わかりやすく例えると、子供(コンピュータ)にお使い(処理)を頼む時に、前者は「山田さんちに行ってきて」と言っているのに対し、後者は「××県の##市〇ー△ー◇の家に行ってきて」と言っている感じです
個のメモリ所の住所のことをアドレスといい、変数aのアドレスは以下のようにして取得することができます。
//int型の変数aを宣言し、2を代入
int a=2;
//aのアドレスを保存するための変数を宣言する
int* adress;
//aのアドレスをadressという変数に保存
adress = &a;
ポインタとアドレス
ここで、intという謎の型が出てきました。
上記のプログラムで変数aのアドレスは変数adressに保存されています。
この、変数のアドレスを保存した変数(この場合ではadress)をポインタもしくはポインタ変数と呼びます。

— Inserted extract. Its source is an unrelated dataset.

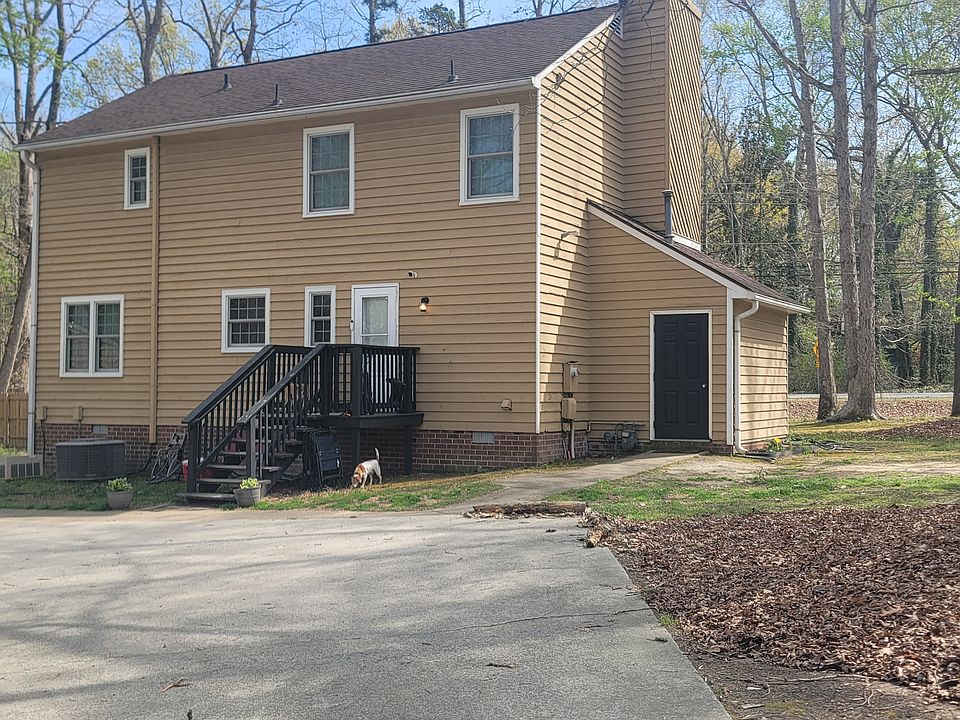 1st image of 2921 Mistwood Forest Dr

ところで変数adressの型は「int」となっています。これはadressがint型であるということではなく、adressが「int型の変数のアドレスを保存できるポインタである」という意味です。
つまり
int* adress=&a;
のとき、変数aはint型である必要があるわけです。
同様にchar* 、long* 等も可能です。
次に、先ほどから時々出てくる
&a
についてです。
&はアドレス演算子と呼ばれるもので、変数のアドレスを返します。
実際に
//変数aのアドレスを出力
cout << &a <<endl
というプログラムを実行してみると、
0x7e014
変数aが保存されているメモリのアドレスが返ってきます。
ポインタを使う
次に、ポインタに保存したアドレスにある変数(上のプログラムでは変数a)の値を取得したり代入したりしてみましょう。

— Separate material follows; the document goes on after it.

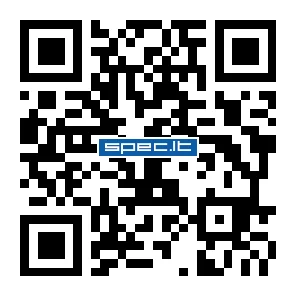 QR kodas | Faibi, MB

ポインタに保存したアドレスにある変数(ややこしい...)にアクセスするためには*を使用します。
//int型の変数aを宣言し、2を代入
int a=2;
//aのアドレスを保存するための変数を宣言する
int* adress;
//aのアドレスをadressという変数に保存
adress = &a;
//adressに保存されたアドレスの変数に3を代入
*address=3
//aを出力
cout << a <<endl
//adressに保存されたアドレスの変数を出力
cout << *adress <<endl
これを実行すると
3
3
という結果になり、aに3が代入されていることがわかります。
このようにポインタを介して値を参照することを間接参照といいます。
ポインタを利用する
参照
ポインタの利用ケースとして、関数に変数を渡すというものがあります。プログラムにはスコープというものがあって、以下のプログラムだと、hoge関数の中でmain関数で作成した変数piyoにはアクセスすることができません。
void main(void){
int piyo=1;
hoge();
}
void hoge(void){
cout<<piyo<<endl;
//関数hoge内からはpiyoにアクセスできないのでエラーが出る
}
こういう場合、関数の引数としてポインタを渡し、関数内から間接参照をすると、piyoにアクセスできるようになります。
void main(void){
int piyo=1;
//関数hogeの引数としてpiyoのアドレスを渡す
hoge(&piyo);
}
//関数hogeの第一引数をfugaという名前のポインタとして受け取る。
void hoge(int* fuga){
//ポインタfugaを間接参照する。
cout<<*fuga<<endl;
}
このようにポインタを使用することでプログラム内の値の受け渡しが楽になります。
関数ポインタ
変数と同じように関数にもポインタを使用することができます。
関数のポインタの宣言は少し特殊です。
//戻り値void、引数voidの関数を作成
void(*hogehoge)(void);
C++では関数を()をつけずに代入すると、関数のアドレスが取得できます。そこで、ポインタに関数fugafugaを覚えさせて実行させたいときには、
void fugafuga(void){
cout<<"hello"<<endl;
}
void main(void){
//戻り値void、引数voidの関数ポインタhogehogeを作成
void(*hogehoge)(void);
//ポインタhogehogeにfugafugaをセット
hogehoge=fugafuga;
//fugafugaが実行される
hogehoge();
}
とできます。
しかし、関数ポインタについてはもろもろの事情からstd::functionを代わりに使用するのが一般的になっているようなので、覚えておく程度でいいでしょう。